Waymo has suspended its robotaxi service on US highways. Safety concerns are the driver. Specifically, software needs tuning. The company admits it struggles with construction zones and, oddly enough, flooded roads. High stakes. High speed.

It feels counterintuitive, really. Freeways should be easier. Fewer pedestrians. No complex intersections. But velocity introduces new variables. Things move faster than an algorithm might expect.

The pause hits four major cities. San Francisco. Los Angeles. Phoenix. Miami. Local street rides? Still on. Just no merging into the fast lanes.

A statement to Reuters calls it “temporary.” They promise technical learnings will get integrated. Routes should reopen soon. The messaging is polite, neighborly almost.

“We know riders count on us… and we appreciate their patience.”
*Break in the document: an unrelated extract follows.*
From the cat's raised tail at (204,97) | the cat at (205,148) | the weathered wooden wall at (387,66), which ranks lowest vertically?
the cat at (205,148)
Nice words. But the context is rough.

Water is the enemy

Atlanta got the axe too. A robotaxi sat in flood water Wednesday. That wasn’t the only incident. Earlier this month, a defect sent nearly 3,800 cars into flooded roads. That triggered a massive recall.
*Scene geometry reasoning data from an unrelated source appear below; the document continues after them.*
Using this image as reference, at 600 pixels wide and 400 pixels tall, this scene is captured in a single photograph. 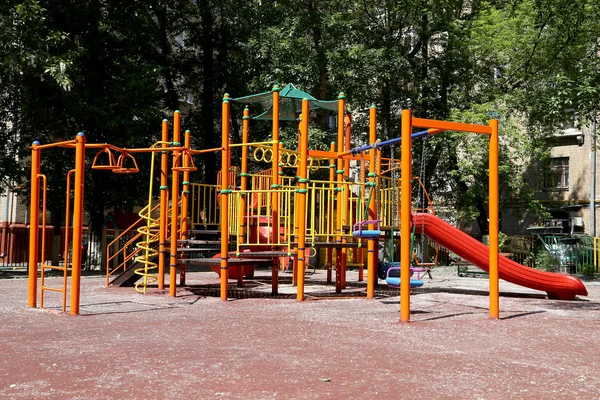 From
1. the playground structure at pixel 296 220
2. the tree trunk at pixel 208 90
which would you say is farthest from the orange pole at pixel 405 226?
the tree trunk at pixel 208 90

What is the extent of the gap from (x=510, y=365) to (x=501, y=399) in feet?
4.68

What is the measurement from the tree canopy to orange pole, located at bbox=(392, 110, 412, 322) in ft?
30.1

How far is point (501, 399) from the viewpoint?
514 centimetres

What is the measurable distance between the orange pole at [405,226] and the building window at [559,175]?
28297mm

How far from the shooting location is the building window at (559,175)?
35.5 m

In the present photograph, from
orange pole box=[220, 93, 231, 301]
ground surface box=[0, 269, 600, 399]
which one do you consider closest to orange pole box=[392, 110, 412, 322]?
ground surface box=[0, 269, 600, 399]

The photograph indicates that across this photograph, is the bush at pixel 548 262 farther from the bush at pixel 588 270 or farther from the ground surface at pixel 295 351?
the ground surface at pixel 295 351

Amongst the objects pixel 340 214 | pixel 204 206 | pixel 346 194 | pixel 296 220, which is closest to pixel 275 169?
pixel 296 220

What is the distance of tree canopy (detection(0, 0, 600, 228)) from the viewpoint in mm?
21125

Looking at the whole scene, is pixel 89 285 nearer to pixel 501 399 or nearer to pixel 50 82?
pixel 50 82

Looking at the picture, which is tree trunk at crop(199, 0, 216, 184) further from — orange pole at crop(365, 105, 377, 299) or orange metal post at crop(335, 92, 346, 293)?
orange pole at crop(365, 105, 377, 299)

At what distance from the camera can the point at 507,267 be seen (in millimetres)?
13750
Why do autonomous vehicles hate puddles?

The software apparently gets confused. Or brave. Sometimes both.

This hesitation happens right as Waymo tries to scale up. They’re aggressive. They want London by September. They’re eyeing global dominance over Tesla and Zoox. Those rivals aren’t anywhere near this mileage. Not yet.

Waymo boasts 170 million self-driving miles. Their collision rate? Thirteen times lower than humans. They claim the safety record.

But the record isn’t pristine.

In 2025 alone, over 1,200 cars were recalled for minor crash-causing bugs. Earlier this year? A child was hit outside a Santa Monica school. A cat was run over in SF. Public scrutiny was fierce.

Now, operations are paused again in Texas. Tennessee. Georgia. Each time to patch software.

The hardware keeps changing. They started with Chrysler minivans. Then came Jaguars. Now they’re testing Zeekr minivans and rolling out Hyundai IONIQ 5s. New metal, old problems?

Half a million trips a week is a lot. They want a million by 2026. That ambition requires confidence. Confidence requires no floods.

The freeway gates are closed. The streets remain open. But for how long before the next glitch stops us all?